Mooi Indië kunst en werken van revolutionaire Indonesische schilders zijn gezocht. Wie zijn de kopers daarvan? Leidelmeijer: ‘In Nederland is maar een beperkte markt, het zijn vooral de Peranakan-Chinezen die er enorme bedragen voor betalen en er soms zelfs eigen musea voor oprichten. Deze Indo-Chinezen die al generaties lang in Indonesië wonen en zich Indonesiër voelen zijn vaak rijk geworden in de handel, zoals in koffie en thee. Deze Indonesiërs hebben veel invloed in het land.’ Peranakan-Chinezen hebben volgens Leidelmeijer een favoriet, de Chinees-Indonesische schilder Lee Man Fong. ‘Lee Man Fong was in de jaren zestig de hofschilder van Soekarno. De eerste Indonesische president kocht veel werk van hem toen het nog nat was, heel vaak nam hij het gewoon mee, gewoon omdat hij de baas was.
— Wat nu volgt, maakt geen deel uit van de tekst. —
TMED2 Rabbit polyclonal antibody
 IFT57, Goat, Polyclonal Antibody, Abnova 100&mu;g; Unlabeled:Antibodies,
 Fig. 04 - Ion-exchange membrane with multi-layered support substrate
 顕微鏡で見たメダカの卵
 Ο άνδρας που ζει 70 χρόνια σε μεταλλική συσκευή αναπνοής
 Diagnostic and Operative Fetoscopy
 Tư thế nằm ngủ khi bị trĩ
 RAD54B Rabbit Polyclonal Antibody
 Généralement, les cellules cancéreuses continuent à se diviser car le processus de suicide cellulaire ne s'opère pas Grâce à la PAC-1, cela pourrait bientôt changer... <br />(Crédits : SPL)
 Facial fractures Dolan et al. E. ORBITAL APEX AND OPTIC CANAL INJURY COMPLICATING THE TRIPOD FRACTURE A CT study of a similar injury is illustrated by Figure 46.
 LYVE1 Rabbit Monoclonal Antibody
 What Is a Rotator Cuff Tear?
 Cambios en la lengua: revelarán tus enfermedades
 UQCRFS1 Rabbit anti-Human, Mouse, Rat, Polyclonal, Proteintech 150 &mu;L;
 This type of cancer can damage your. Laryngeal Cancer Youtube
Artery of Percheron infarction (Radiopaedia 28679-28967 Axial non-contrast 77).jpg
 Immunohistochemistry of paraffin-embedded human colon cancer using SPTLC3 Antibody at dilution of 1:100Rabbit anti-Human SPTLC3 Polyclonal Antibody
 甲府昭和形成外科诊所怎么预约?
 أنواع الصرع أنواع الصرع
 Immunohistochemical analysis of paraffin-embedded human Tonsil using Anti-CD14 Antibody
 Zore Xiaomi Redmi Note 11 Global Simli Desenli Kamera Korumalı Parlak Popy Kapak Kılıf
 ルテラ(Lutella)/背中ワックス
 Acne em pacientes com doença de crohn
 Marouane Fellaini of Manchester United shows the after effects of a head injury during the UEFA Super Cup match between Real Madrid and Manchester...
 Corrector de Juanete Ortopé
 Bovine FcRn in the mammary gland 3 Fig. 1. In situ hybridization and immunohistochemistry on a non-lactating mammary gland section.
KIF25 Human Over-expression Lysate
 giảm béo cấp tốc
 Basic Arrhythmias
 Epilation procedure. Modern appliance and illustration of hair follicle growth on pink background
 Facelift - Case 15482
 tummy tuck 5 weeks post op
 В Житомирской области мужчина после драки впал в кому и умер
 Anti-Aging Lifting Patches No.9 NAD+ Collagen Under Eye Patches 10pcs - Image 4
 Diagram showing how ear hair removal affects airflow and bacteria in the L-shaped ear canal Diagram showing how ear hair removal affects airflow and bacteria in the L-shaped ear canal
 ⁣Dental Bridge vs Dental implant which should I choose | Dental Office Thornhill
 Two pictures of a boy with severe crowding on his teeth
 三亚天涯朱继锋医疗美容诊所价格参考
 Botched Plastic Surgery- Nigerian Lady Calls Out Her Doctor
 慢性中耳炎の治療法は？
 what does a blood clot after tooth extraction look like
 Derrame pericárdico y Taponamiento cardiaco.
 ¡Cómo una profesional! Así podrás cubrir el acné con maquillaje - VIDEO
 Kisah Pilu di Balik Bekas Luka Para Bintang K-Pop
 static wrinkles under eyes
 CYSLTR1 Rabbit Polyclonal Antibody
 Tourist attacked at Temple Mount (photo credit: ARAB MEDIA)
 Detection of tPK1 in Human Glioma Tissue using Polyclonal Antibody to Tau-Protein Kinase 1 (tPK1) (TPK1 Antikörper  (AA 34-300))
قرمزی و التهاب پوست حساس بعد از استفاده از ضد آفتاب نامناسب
Zo kwam Soekarno ook aan het werk van Basoeki Abdullah, de zoon van Mooi Indië schilder Abdullah Surysubroto. Soekarno bewonderde Basoeki Abdullah, maar betalen kwam er niet altijd van. Tot zijn toenmalige vrouw, de Nederlandse Maya Michel, tegen de president zei dat de schoorsteen ook moest roken en dat zelfs de president gewoon moest betalen. Toen is hij ook maar over de brug gekomen. Vorig jaar overleed deze weduwe in Den Haag van Basoeki Abdullah. Voorafgaand aan de veiling van 28 augustus organiseerde het Venduehuis een tentoonstelling met haar collectie.’